--- START ---
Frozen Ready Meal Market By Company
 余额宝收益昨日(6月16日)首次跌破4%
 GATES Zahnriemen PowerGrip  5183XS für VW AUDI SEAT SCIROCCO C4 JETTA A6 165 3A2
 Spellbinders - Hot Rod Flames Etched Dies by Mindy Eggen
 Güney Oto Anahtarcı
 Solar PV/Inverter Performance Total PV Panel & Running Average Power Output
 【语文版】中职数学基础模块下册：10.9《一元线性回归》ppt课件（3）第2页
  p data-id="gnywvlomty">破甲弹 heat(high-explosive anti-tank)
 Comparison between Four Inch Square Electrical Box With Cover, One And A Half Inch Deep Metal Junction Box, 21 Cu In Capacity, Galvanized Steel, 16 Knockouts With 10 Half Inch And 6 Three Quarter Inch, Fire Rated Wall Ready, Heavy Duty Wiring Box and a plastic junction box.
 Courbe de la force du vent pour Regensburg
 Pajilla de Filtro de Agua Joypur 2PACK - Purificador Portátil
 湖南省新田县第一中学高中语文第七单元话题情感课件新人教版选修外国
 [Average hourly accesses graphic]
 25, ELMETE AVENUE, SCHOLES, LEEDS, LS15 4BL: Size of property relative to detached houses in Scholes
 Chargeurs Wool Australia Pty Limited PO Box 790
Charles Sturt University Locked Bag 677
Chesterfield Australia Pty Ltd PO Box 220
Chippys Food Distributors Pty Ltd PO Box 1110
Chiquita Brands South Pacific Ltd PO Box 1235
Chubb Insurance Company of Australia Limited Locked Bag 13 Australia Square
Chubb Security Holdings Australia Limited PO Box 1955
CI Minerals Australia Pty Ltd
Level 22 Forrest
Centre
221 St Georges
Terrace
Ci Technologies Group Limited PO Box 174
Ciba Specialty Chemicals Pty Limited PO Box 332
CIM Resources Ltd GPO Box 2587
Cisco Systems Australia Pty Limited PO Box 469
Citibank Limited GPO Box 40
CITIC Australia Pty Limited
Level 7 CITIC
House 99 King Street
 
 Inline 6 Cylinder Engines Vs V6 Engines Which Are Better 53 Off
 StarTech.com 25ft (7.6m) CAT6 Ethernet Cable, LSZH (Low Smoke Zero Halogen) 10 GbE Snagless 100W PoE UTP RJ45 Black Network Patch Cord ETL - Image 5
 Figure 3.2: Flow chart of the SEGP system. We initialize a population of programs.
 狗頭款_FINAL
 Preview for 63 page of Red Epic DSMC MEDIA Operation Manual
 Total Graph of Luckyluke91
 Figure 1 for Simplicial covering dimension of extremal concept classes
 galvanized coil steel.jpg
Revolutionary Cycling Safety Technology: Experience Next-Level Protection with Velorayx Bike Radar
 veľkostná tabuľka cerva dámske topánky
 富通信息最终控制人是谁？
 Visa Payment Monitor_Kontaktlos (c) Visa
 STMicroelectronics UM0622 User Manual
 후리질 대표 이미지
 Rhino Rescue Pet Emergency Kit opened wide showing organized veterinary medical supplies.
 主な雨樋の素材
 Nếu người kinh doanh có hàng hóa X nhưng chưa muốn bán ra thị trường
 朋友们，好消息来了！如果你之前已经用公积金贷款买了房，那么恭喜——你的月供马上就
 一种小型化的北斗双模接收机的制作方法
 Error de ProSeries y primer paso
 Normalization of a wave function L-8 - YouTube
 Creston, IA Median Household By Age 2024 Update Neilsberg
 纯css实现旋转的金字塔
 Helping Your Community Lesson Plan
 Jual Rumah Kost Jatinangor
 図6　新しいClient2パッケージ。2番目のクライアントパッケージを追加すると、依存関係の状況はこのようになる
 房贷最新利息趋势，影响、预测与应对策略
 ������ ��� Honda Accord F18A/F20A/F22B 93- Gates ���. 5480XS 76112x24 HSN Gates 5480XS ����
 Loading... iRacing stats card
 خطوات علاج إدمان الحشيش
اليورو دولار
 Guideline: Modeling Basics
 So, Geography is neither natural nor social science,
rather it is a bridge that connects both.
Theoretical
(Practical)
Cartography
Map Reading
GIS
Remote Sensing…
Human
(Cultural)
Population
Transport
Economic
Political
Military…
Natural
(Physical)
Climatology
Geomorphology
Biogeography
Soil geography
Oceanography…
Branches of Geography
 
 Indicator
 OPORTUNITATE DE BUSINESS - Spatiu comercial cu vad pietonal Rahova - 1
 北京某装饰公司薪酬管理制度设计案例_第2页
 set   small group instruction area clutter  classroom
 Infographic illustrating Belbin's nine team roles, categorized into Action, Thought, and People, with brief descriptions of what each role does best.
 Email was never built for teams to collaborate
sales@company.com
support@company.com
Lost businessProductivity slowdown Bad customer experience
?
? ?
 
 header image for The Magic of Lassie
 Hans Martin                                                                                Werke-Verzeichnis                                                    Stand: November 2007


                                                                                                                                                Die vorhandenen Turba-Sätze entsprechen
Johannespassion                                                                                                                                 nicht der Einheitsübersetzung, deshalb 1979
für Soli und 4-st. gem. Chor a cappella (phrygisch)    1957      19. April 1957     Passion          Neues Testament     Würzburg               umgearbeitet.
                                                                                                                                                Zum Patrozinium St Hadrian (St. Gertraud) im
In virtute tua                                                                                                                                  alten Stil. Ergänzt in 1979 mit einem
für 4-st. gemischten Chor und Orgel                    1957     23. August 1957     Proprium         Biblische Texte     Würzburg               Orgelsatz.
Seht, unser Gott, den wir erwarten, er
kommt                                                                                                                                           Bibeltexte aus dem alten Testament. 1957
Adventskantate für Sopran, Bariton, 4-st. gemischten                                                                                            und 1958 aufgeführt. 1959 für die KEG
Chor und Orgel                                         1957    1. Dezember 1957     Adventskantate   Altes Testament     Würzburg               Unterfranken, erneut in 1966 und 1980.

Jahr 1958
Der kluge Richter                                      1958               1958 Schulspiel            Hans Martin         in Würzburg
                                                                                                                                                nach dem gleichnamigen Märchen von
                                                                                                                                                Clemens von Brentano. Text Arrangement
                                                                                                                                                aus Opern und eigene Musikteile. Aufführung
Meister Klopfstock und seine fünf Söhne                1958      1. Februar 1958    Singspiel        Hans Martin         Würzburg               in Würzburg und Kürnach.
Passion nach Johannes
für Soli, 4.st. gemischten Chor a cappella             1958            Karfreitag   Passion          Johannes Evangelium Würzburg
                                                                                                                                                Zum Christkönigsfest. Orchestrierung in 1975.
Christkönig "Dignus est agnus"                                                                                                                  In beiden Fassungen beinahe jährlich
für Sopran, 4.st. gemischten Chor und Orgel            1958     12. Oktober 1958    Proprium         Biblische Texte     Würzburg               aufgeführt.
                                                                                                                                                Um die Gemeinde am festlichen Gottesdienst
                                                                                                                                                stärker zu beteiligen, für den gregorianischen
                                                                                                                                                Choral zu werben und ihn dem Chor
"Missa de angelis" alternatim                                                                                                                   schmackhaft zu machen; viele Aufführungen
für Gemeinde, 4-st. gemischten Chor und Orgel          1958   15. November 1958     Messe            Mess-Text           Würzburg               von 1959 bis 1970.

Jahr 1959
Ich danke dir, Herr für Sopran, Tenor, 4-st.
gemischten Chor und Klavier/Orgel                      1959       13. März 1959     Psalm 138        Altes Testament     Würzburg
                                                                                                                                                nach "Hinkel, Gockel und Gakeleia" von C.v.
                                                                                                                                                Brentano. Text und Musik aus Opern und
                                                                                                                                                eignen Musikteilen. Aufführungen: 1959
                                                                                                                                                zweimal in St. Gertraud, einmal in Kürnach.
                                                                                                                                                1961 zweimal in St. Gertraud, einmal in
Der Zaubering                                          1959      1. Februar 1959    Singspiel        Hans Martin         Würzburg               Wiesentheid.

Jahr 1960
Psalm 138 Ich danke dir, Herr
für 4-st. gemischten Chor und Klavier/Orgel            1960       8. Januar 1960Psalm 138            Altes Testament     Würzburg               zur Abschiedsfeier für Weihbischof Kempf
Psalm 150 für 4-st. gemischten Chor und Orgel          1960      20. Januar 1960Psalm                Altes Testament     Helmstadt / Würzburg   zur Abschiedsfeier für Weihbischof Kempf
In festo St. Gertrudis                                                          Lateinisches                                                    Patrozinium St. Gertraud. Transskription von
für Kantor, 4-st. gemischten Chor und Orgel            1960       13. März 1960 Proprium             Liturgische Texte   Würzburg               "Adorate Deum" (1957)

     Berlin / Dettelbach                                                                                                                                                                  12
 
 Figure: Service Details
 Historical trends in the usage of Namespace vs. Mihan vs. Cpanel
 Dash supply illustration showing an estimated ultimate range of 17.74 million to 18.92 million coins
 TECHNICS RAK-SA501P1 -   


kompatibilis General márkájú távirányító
--- END ---
• [WHAT TO DO]: Every line above that holds "zweimal" should be copied out.

• [OUTPUT FOR THIS TASK]:
                                                                                                                                                zweimal in St. Gertraud, einmal in Kürnach.
                                                                                                                                                1961 zweimal in St. Gertraud, einmal in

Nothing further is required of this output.